Cross-border sustainable-services operation · NYC ↔ LatAm
Reconciliation middleware between two operating realities.
A used-cooking-oil collection operation in New York, with hundreds of restaurant-chain clients, needed to reconcile its billing against the end client's enterprise system without having direct access to that database. The operations team was in LatAm; the operation, in NYC.
The challenge
Two realities that don't talk to each other: a closed enterprise system on the client side and a field operation that bills per service rendered. Without database access, "reconciling" meant manually comparing listings that never quite matched, across time zones, with a team thousands of kilometers from the ground.
Architecture applied
The problem wasn't building an ERP: it was building the middleware that reconciles both worlds without touching the client's system.
- An owned capture and zone-management system on Node.js and PostgreSQL (native SQL, no ORM): a live inventory of prospective clients by geographic zone, fed by the Google Places API.
- Anti-duplication by a stable identifier and a complete audit trail of every change: reconciliation needs each record to have a single identity and a history.
- Collection automation with n8n and Claude-assisted parsing to normalize the client's listings —in inconsistent formats— into a comparable structure.

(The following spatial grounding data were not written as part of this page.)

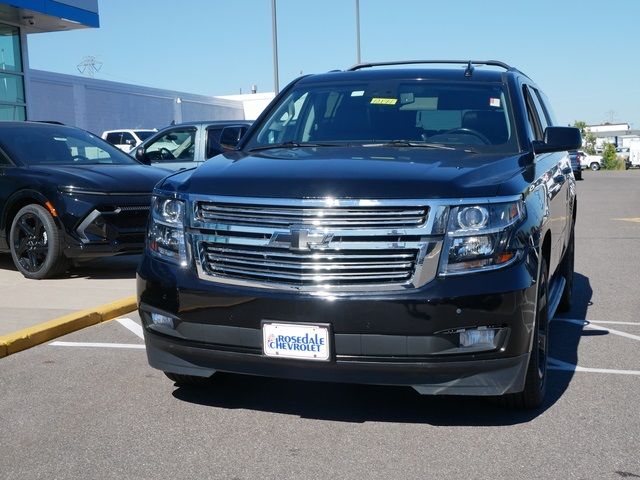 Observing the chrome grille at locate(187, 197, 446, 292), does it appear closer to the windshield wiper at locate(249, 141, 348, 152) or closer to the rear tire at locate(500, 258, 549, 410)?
the rear tire at locate(500, 258, 549, 410)

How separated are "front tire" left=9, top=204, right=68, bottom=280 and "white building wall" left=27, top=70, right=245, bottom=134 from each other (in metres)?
21.1

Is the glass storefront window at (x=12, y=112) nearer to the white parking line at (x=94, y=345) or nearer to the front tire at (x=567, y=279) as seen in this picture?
the white parking line at (x=94, y=345)

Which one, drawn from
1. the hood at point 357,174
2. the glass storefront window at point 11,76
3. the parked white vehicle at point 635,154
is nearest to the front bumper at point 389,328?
the hood at point 357,174

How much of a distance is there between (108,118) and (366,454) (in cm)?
3622

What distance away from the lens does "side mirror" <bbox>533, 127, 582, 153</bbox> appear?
18.4ft

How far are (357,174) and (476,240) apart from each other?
2.22 feet

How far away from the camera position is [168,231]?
15.7 feet

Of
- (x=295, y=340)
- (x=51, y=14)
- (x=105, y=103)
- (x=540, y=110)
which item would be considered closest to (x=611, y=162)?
(x=105, y=103)

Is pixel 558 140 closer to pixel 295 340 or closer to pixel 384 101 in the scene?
pixel 384 101

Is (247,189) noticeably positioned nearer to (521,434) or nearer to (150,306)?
(150,306)

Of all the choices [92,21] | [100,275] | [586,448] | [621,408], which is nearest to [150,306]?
[586,448]

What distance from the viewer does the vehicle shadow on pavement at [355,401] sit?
15.8ft

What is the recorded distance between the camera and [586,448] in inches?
170

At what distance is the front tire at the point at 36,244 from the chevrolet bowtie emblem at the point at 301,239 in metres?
5.26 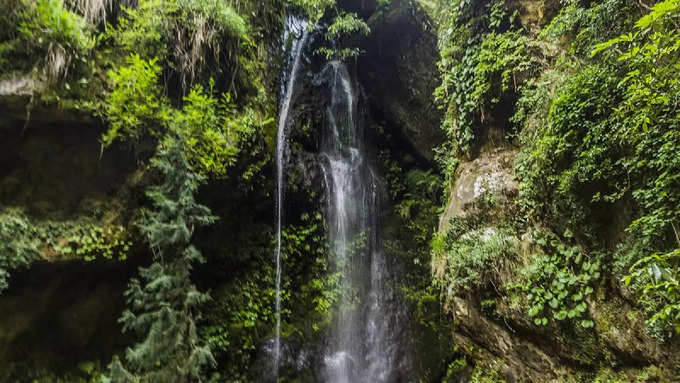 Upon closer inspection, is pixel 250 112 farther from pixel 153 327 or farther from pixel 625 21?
pixel 625 21

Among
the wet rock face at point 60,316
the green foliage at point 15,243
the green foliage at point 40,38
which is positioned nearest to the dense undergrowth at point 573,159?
the wet rock face at point 60,316

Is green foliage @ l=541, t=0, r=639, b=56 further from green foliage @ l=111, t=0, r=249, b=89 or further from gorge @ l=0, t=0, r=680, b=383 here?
green foliage @ l=111, t=0, r=249, b=89

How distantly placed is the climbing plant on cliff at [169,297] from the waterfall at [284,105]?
1887 mm

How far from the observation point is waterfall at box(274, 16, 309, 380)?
214 inches

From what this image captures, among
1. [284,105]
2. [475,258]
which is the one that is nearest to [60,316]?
[284,105]

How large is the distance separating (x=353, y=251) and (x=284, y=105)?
3683mm

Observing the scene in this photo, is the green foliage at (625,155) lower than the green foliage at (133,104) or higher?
lower

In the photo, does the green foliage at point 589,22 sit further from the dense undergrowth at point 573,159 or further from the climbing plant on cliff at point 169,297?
the climbing plant on cliff at point 169,297

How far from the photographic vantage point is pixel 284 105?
22.3 feet

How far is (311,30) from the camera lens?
762 cm

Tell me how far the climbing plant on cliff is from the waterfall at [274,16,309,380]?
1.89 meters

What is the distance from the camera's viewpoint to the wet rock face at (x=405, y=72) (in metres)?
7.33

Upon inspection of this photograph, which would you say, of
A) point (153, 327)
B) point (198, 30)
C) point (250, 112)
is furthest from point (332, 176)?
point (153, 327)

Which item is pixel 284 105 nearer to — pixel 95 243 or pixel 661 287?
pixel 95 243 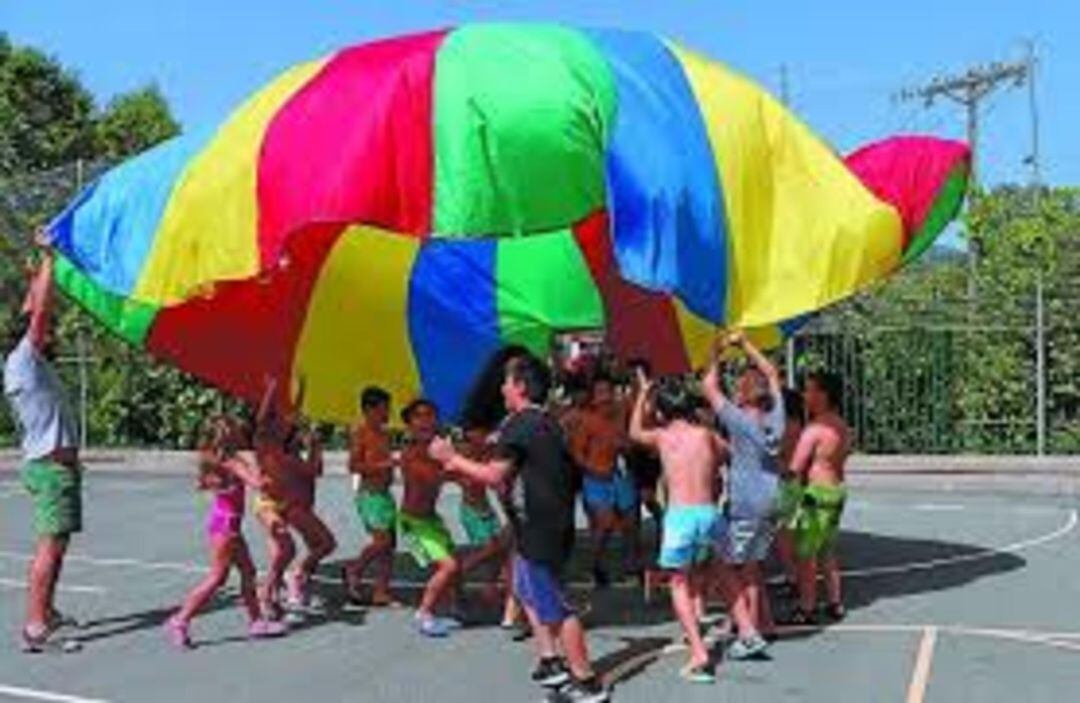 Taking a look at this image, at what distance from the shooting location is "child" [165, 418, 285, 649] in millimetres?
10281

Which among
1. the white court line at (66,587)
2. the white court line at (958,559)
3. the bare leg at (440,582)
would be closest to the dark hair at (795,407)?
the white court line at (958,559)

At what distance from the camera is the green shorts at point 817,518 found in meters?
10.7

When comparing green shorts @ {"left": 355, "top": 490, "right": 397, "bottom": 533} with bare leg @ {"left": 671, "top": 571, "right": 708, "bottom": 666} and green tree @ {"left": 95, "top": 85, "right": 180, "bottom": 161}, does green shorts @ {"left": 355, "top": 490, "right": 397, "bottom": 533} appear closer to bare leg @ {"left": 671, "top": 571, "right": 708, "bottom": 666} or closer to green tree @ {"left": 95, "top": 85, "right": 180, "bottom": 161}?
bare leg @ {"left": 671, "top": 571, "right": 708, "bottom": 666}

- Deployed on owned infrastructure with PM2, Nginx, and SSL: a piece that runs on its own and is monitored, not a script someone runs by hand.
Model layers activated
Data capture · CRM with golden record (single identity for each service point) · a strip of the agentic layer scoped to parsing and normalization.
Results
In operation since 2025. The value wasn't a pretty dashboard: billing stopped depending on a fragile manual reconciliation and became a process that runs, leaves a trail, and can be audited — despite having no access to the system on the other side.
Lessons
When you don't control one of the two ends, the right architecture isn't to integrate: it's to reconcile. Assuming access to the client's database would have been more comfortable to design and entirely unreal. The middleware was designed for the world as it is, not as it would be convenient for it to be.